ジトコフさんの書いた本

ちょっと高かったんですが、AMラジオが聞けるポータブルカセットレコーダーを買いました。おかげで、出社している土曜日にも、中途半端な時間にやっているラジオロシア語講座を聞くことができます。

さっきまで聞いてたんですが(仕事しろよ)、以前書いたПочта・ポーチタに出てくるジトコフさんについての注釈がありました。

http://d.hatena.ne.jp/ponjpi/20051007

ジトコフさんはПочтаを書いたマルシャークの友人で、児童文学作家だったそうです。その前は、化学や数学を教えたり、航海士だったりしたそうです。講座の先生が、そのジトコフさんが書いたお話について話していたのですが、印象的な話がありました。

あるところに、とても鳥が好きな男の子がいました。鳥が何羽いたら、自分を持ち上げて空に運んでくれるのだろう…と夢想していました。両親はそんな男の子を動物園に連れていきました。男の子は、たくさんの鳥に夢中になりました。

そして翌朝、男の子は決意します。雨にぬれた屋根にのぼり、目をとじました。きっと、白いやさしい鳥たちが自分のまわりに集まって、そして空に連れて行ってくれるだろう…そう期待して目を開けました。でも、自分のまわりに、鳥は一羽もいませんでした。

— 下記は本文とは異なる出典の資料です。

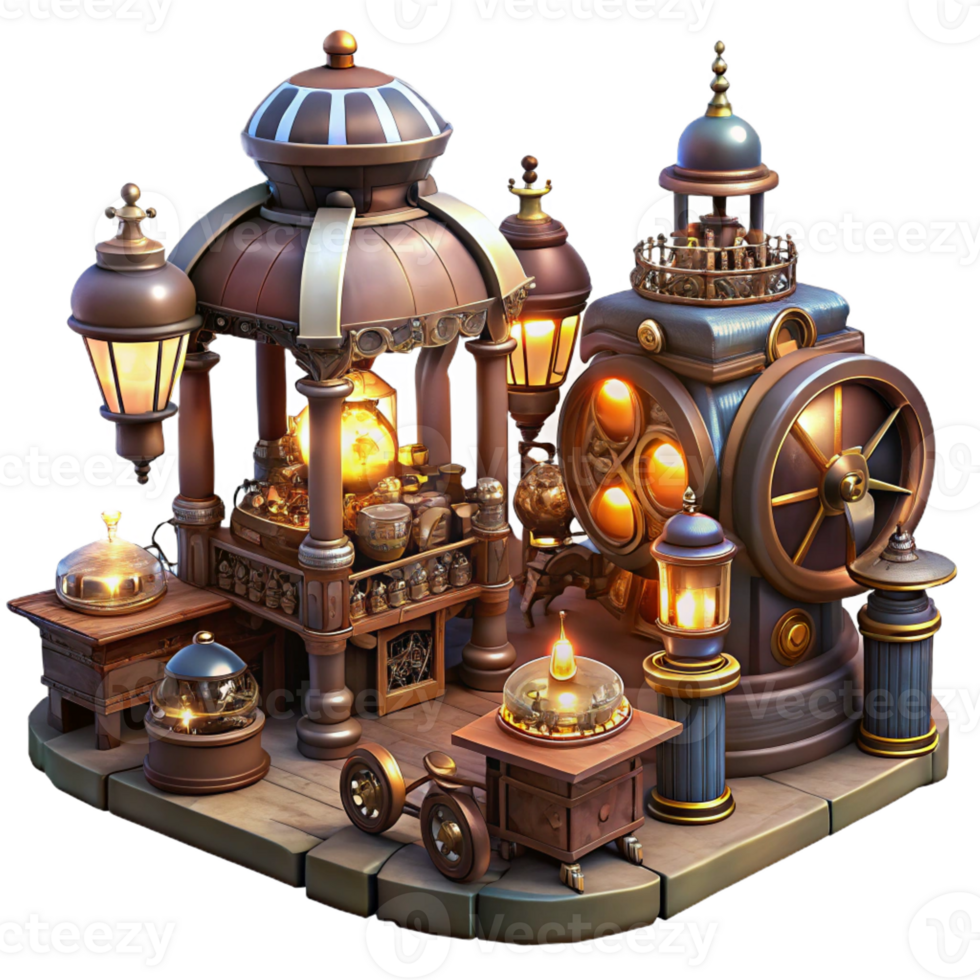 vibrant minimalist A Bustling Steampunk Marketplace Filled authentic png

そこには、心配して屋根にのぼってくるお父さんと、庭で目に涙をためたお母さんがいました。

というお話です。
ワタシは、雨に濡れた屋根の上で、現実に戻った男の子が1人きりで取り残されないところが、良かったと思いました。「白いやさしい鳥たちに囲まれる」というハッピーエンド的な童話もありますが、でもやっぱりそんなことにはダマサレナイ小さな読み手もいるわけで(笑)ただしそんな小さな読み手に対しても、現実に置きっぱなしにしない優しさをジトコフさんは持っていたんだなぁ…と。世界中、旅して回って郵便屋さんに迷惑をかけても許してあげよう(笑)

ただ、屋根にのぼってくる人が両親でなくてもいいんだと思います。むしろ、ワタシ的には、とおりすがりの人が登ってきて、実はその人は無類の鳥好きだったりして、子どもの頃の話などをしてあげたらいいのにな…と思いました。そういう夢想こそが非現実的かな(わはは)。